DIRECT=TRUE PARALLEL=TRUE loading is a pipe-dream for delta-loads. The cost of index rebuilds just gets too high unless you have a VERY agressive archiving strategy. It's great for full-rebuilds though.
If DS is serious about supporting Oracle, it needs to invest some serious money in developing partition-wise parallel loads and partition-exchange loading.
OCI Load: just don't.
Oracle Enterprise: use it! DS really needs to add before/after SQL for every load/select option, and it also needs and insert-only option. Use Upsert freely if updates are very rare, otherwise stick with splitting updates into a separate link.
Dynamic RDBMS: I wouldn't bother unless you REALLY need to store your SQL in a file (not supported by Enterprise) or you need a before/after SQL where one is not offered. Never use Upsert.

throbinson · Post by **throbinson** » Sat Oct 06, 2007 3:20 am

Extremely impressive. Thank you very much for taking the time to make this excellent post. This is very valuable information. It is much appreciated!

rleishman · Post by **rleishman** » Sun Oct 07, 2007 6:41 pm

Did some very quick 'n' nasty testing using Oracle Enterprise to perform parallel SELECT.

Sadly my 1-proc windoze Oracle server is not really up to the task, so the results are - again - inconclusive.
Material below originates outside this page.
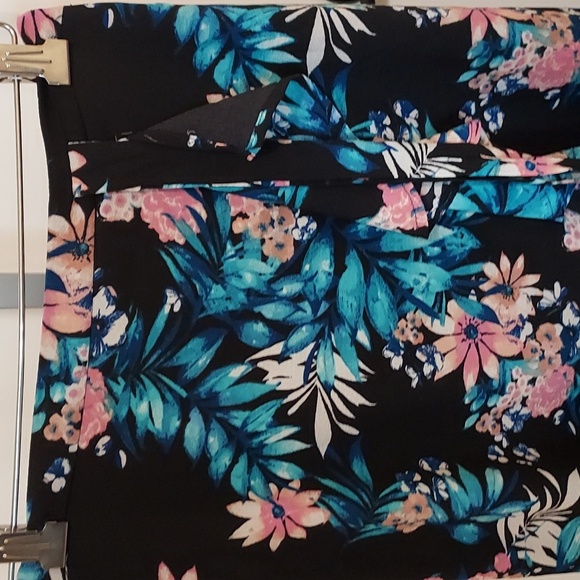 Black with Tropical Print Tea Length Ruffle Accent in Front w/ Tie Skirt Size M - Picture 1 of 6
Once again though, some interesting things to note.

Parallel Unload with Oracle Enterprise Stage

I set up a straight unload of a partitioned table from Oracle Enterprise stage to Seq File. In parallel, it took 11+ sec to initiate and then rocketed through to complete 1M rows at an average of 50,000/sec. With the parallel unload switched off, it initiated in 1 sec and completed with an average only marginally slower. I suspect it would blow out if I threw more data at it.
Repeated the test copying the 1M rows to another database with similar results. Serial was only a bit slower. 8,000/sec vs. 6,000/sec
The way you get Oracle Enterprise to run a parallel extraction is to provide the table name of a partitioned table that appears in the SELECT statement. You would THINK (at least, I would) that DS would perform a partition-wise extraction using SELECT ... FROM tname PARTITION pname. But you (and I) would be wrong.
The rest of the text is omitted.